*** TASK INPUTS
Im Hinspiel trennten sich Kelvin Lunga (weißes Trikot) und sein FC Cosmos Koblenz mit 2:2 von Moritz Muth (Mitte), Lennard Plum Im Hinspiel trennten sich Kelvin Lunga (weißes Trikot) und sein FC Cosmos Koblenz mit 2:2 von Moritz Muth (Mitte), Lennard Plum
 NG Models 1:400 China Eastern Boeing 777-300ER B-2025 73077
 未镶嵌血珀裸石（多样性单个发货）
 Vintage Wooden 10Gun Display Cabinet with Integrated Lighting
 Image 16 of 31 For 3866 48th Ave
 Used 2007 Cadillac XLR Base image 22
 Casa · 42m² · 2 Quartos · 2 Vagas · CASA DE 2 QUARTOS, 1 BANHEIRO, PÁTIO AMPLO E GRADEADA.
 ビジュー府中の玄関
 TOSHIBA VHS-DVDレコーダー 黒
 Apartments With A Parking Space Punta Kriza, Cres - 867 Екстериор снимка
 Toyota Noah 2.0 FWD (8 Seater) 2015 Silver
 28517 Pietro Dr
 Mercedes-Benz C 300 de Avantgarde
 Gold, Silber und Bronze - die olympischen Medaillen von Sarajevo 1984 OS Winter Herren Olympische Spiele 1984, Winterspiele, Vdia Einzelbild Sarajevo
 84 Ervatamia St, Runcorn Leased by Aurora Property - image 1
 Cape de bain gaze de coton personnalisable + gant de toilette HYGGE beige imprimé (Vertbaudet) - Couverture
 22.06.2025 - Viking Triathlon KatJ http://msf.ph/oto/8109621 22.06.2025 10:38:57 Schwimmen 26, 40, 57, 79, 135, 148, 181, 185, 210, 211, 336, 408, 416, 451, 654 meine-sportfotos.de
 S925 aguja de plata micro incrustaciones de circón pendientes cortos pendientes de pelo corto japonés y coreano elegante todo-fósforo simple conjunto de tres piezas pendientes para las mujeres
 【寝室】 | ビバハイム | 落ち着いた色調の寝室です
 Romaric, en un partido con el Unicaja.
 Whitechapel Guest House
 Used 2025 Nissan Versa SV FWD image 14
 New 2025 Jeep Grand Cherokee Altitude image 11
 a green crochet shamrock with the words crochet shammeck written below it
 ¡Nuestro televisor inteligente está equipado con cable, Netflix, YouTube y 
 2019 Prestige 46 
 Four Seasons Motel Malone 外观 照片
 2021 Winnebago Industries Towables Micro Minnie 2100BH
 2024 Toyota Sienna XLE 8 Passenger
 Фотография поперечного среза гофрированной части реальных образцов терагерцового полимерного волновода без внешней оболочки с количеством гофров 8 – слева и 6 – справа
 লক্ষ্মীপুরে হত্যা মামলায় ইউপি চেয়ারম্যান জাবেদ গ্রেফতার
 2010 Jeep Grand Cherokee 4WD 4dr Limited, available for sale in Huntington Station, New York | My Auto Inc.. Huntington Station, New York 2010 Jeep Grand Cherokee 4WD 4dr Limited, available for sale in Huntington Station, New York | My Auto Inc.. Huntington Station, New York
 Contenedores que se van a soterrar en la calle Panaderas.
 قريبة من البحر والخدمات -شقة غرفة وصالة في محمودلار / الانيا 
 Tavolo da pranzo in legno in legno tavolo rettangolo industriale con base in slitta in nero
******
» **PROBLEM DETAILS**
A verbatim transcription is needed of the lines above, starting at the line with "Gold, Silber und" and ending at the line with "22.06.2025 - Viking", both included, and of nothing else.

» **RESULT OF THE EXERCISE**
 Gold, Silber und Bronze - die olympischen Medaillen von Sarajevo 1984 OS Winter Herren Olympische Spiele 1984, Winterspiele, Vdia Einzelbild Sarajevo
 84 Ervatamia St, Runcorn Leased by Aurora Property - image 1
 Cape de bain gaze de coton personnalisable + gant de toilette HYGGE beige imprimé (Vertbaudet) - Couverture
 22.06.2025 - Viking Triathlon KatJ http://msf.ph/oto/8109621 22.06.2025 10:38:57 Schwimmen 26, 40, 57, 79, 135, 148, 181, 185, 210, 211, 336, 408, 416, 451, 654 meine-sportfotos.de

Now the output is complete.